> _YOUR TASK_
Set down every entry again word for word, please, but skip the pictures.

_ _ _

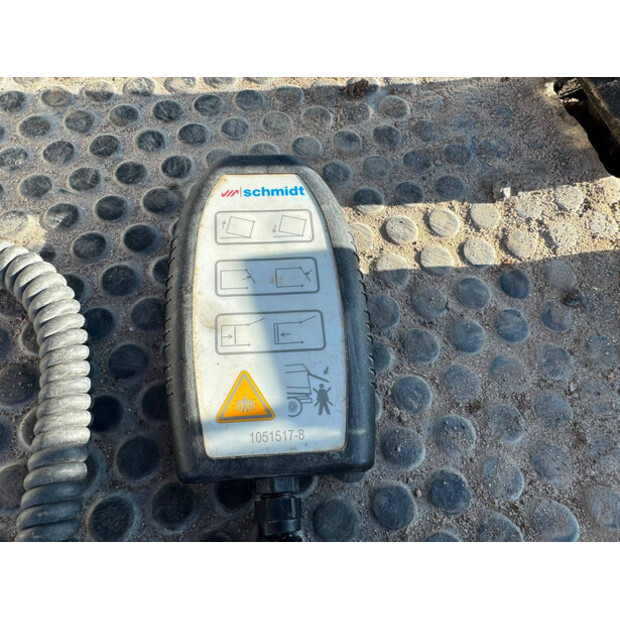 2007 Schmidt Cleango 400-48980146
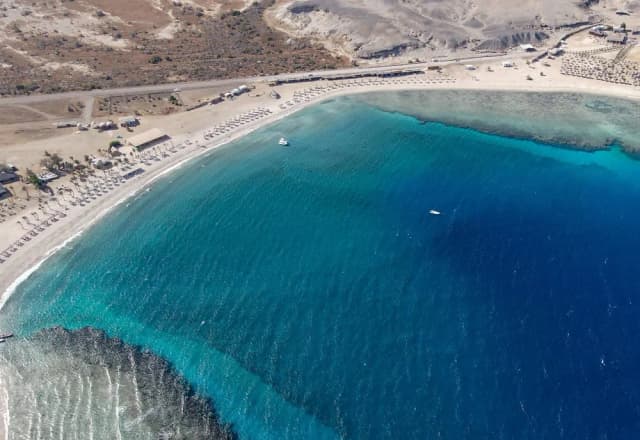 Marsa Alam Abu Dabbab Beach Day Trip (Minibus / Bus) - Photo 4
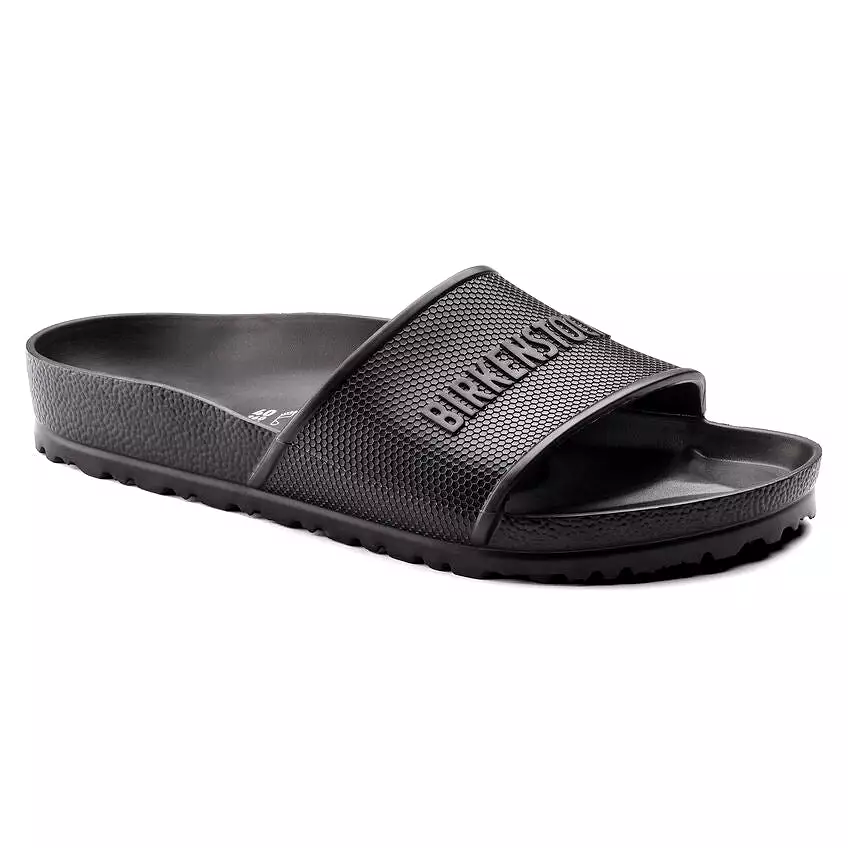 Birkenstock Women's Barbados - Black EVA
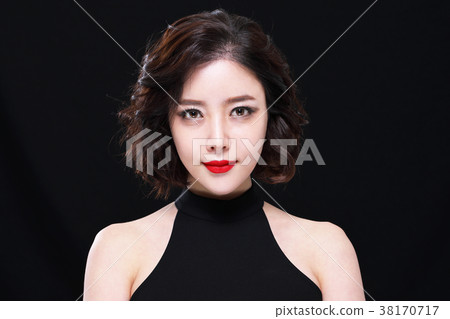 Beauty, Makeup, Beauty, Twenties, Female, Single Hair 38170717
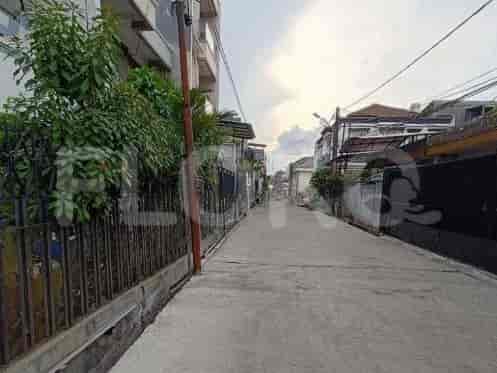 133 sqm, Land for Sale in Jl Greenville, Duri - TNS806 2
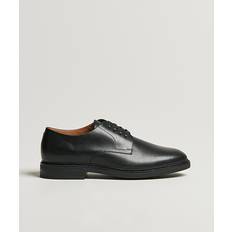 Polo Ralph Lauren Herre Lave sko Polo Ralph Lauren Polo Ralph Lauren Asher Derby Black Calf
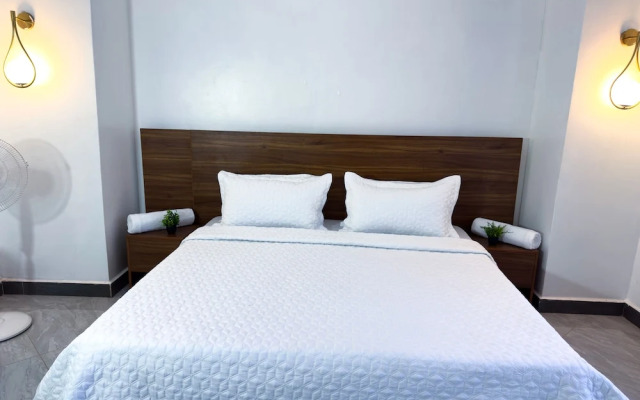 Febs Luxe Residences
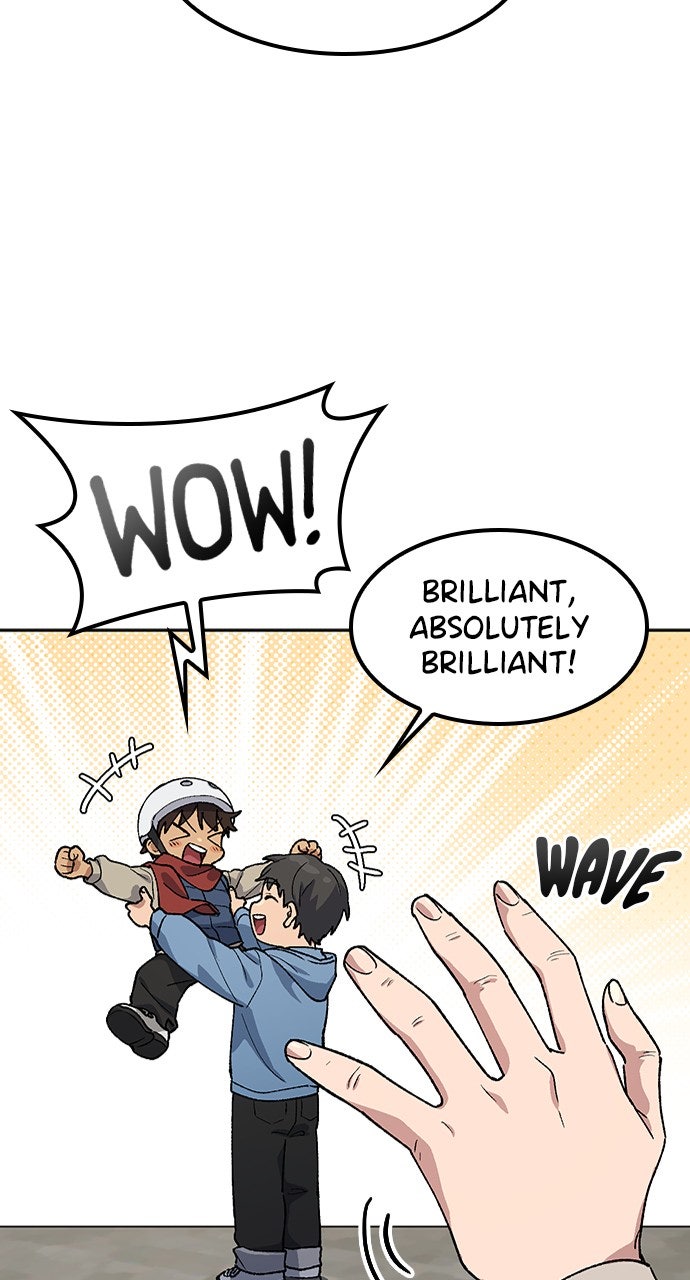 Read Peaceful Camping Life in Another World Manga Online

_ _ _

> _RESPONSE TO THIS EXERCISE_
 2007 Schmidt Cleango 400-48980146
 Marsa Alam Abu Dabbab Beach Day Trip (Minibus / Bus) - Photo 4
 Birkenstock Women's Barbados - Black EVA
 Beauty, Makeup, Beauty, Twenties, Female, Single Hair 38170717
 133 sqm, Land for Sale in Jl Greenville, Duri - TNS806 2
 Polo Ralph Lauren Herre Lave sko Polo Ralph Lauren Polo Ralph Lauren Asher Derby Black Calf
 Febs Luxe Residences
 Read Peaceful Camping Life in Another World Manga Online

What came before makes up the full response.